Members of the Mozilla Foundation have urged users to look to open-source software following Snowden's revelations of back-door access and hidden code in proprietary applications, beginning - naturally - with switching to its Firefox web browser.

There's little denying that documents leaked by whistleblower and former National Security Agency (NSA) contractor Edward Snowden have damaged trust in commercial software companies: NSA-mandated algorithms have been found to be vulnerable to attack, and security company RSA has seen numerous speakers pull out of its upcoming conference over claims it accepted a large cash sum from the NSA to make the broken-by-design algorithms the default in its encryption software.

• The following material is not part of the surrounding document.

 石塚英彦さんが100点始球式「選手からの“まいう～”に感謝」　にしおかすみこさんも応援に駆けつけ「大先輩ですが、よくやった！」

For closed-source software, the claims present a problem: users are increasingly distrustful of companies who claim their software is secure only for the fingerprints of the NSA to be found all over it - but releasing the source code for audit is unthinkable. The result is usually an awkward middle ground like that chosen by Microsoft, which allows selected large customers - typically governments - limited access to selected source files for the purposes of auditing its security. For everyone else, though, it boils down to a simple matter of trust.

In a blog post entitled Trust but Verify, Mozilla's Brendan Eich and Andreas Gal argue that the only true solution is open source - in particular for web browser users. 'Software vendors — including browser vendors — must not be blindly trusted,' the pair argue. 'Not because such vendors don’t want to protect user privacy. Rather, because a law might force vendors to secretly violate their own principles and do things they don’t want to do.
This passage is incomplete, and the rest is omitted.